Suffolk Law Innovation Leaders Joined the White House Eviction Summit

A group of Suffolk Law access-to-justice innovators, including several students, was invited by the White House and the Department of Justice to a virtual event celebrating law schools across the country that have taken concrete steps to avert what Senior Presidential Advisor and White House American Rescue Plan Coordinator Gene Sperling called “the avoidable heartbreak” of eviction.

“With 97% [of people facing eviction] lacking access to an attorney, it is heartbreaking to think of the devastation, the downward cycles, the loss of economic dignity, and even homelessness, that often takes place in our country, without any effort to prevent it—for small amounts of funds”—just $500 to $600, Sperling said during the January 28 event.

He credited the law schools in the audience with helping prevent a predicted “tsunami of evictions,” which would have exacerbated the country’s already severe affordable housing crisis.

Attorney General Merrick Garland thanked law schools for developing “new digital platforms designed to ensure that housing court proceedings could be carried out fairly. You assisted your clients and your communities at a time when they need it the most—when our country needed it the most.”

One of those digital-solution creators in the audience was Suffolk Law Legal Innovation and Technology (LIT) Lab Clinical Fellow Quinten Steenhuis. A White House fact sheet shared during the event highlighted Steenhuis’ Turbo Tax-style web and mobile app for people facing eviction. In the same way that tax preparation apps walk users through technical documents, Steenhuis’ tool takes citizens step by step through the required court forms.

Thousands turn to eviction moratorium app

In early September 2020, soon after the Centers for Disease Control and Prevention (CDC) announced its eviction moratorium order, the school’s LIT Lab launched another mobile phone smart tool used by thousands across the country to determine if they qualified for eviction relief and to produce customized letters for their landlords. The New York Times featured the tool in its primer, “The New Eviction Moratorium: What You Need to Know.”

Soon after Massachusetts courts were largely closed to the public because of the pandemic, the LIT Lab quickly convened a team of volunteers from five continents to build a full suite of smart court forms, such as stay of eviction requests. The speed of Suffolk’s “smartform” approach became all the more apparent when one tenant was able to stop an eviction in progress from their home, with a constable at the door.
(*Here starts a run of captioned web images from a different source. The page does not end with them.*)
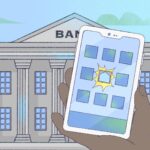 Illustration of a mobile app interface for bill payments, highlighting fintech's impact on traditional banking models.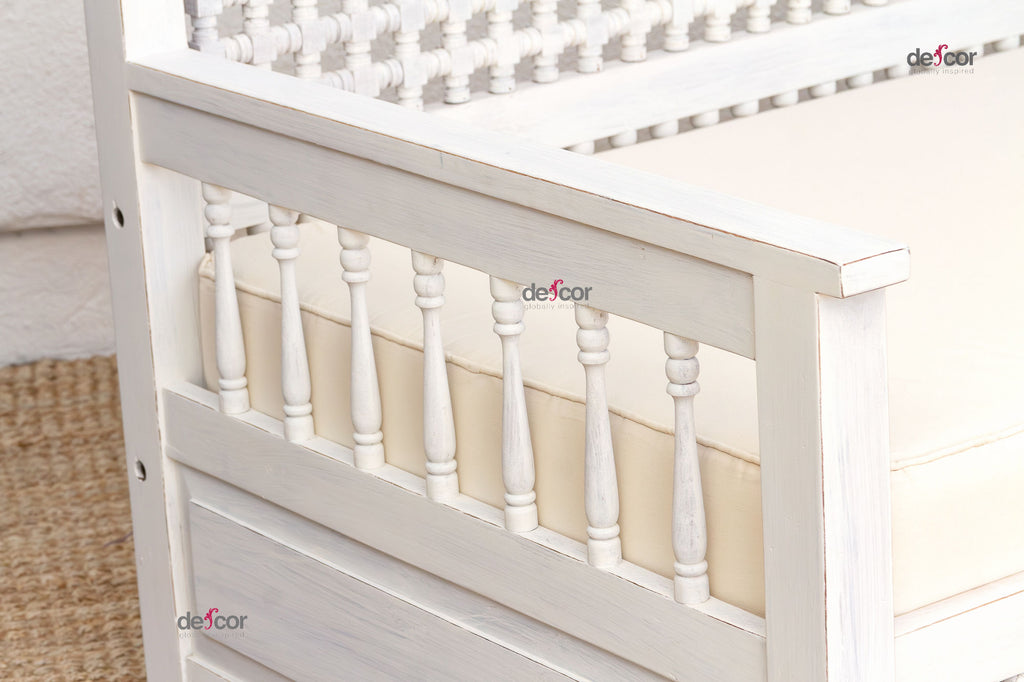 Whitewash Moroccan Mousharabi Daybed Sofa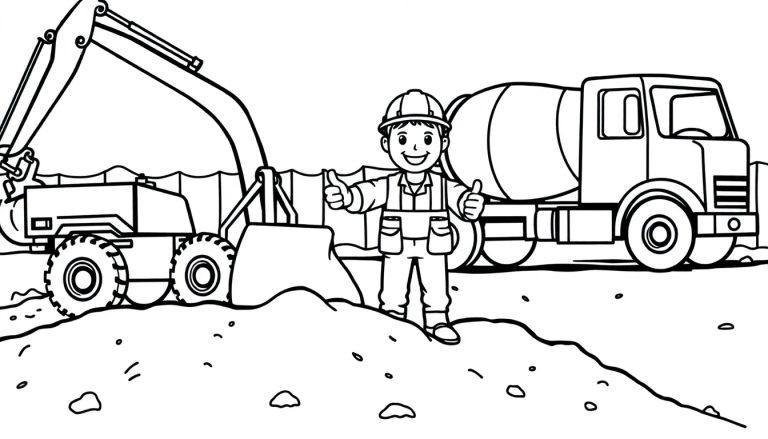 Ein fröhlicher Bauarbeiter zeigt den Daumen hoch auf einer Baustelle mit einem Bagger und Betonmischer im Hintergrund.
The smartforms project was a collaboration with the Massachusetts Supreme Judicial Court’s Access to Justice Commission COVID-19 Task Force, and was staffed by volunteers, including students and employees from legal aid and educational organizations, among others.

Legal assistance, at scale

As the Delta variant began sweeping through the US in the summer of 2021, Attorney General Garland asked law schools and attorneys to marshal their resources to address the risk of a spike in evictions and challenges in accessing the court system. Suffolk Law’s Dean Andrew Perlman was among a group of deans from 99 law schools who issued a statement of support and committed to take immediate and meaningful action.

Perlman has been an outspoken supporter of innovations that increase the ability of low- and average-income people to afford legal help, building a multifaceted legal technology program and championing the creation of automated, AI tools that provide eviction relief assistance and other emergency legal help at a scale not possible through pro bono efforts alone.

The impact of so many millions facing legal crises without legal help is far-reaching, according to Garland. “We know that without equal access to justice, tenants are evicted, families are fractured, innocent people go to jail, jobs are lost, veterans are left helpless, immigrants are left homeless, consumers lose protection, debtors lose recourse, children lose support, and domestic violence victims lose safety,” he said.

“I called on you, as members of the legal community, to use your skills or education, your experience or your time to help the most vulnerable among us,” Garland said. “Today, we are celebrating the way in which you answered the call.”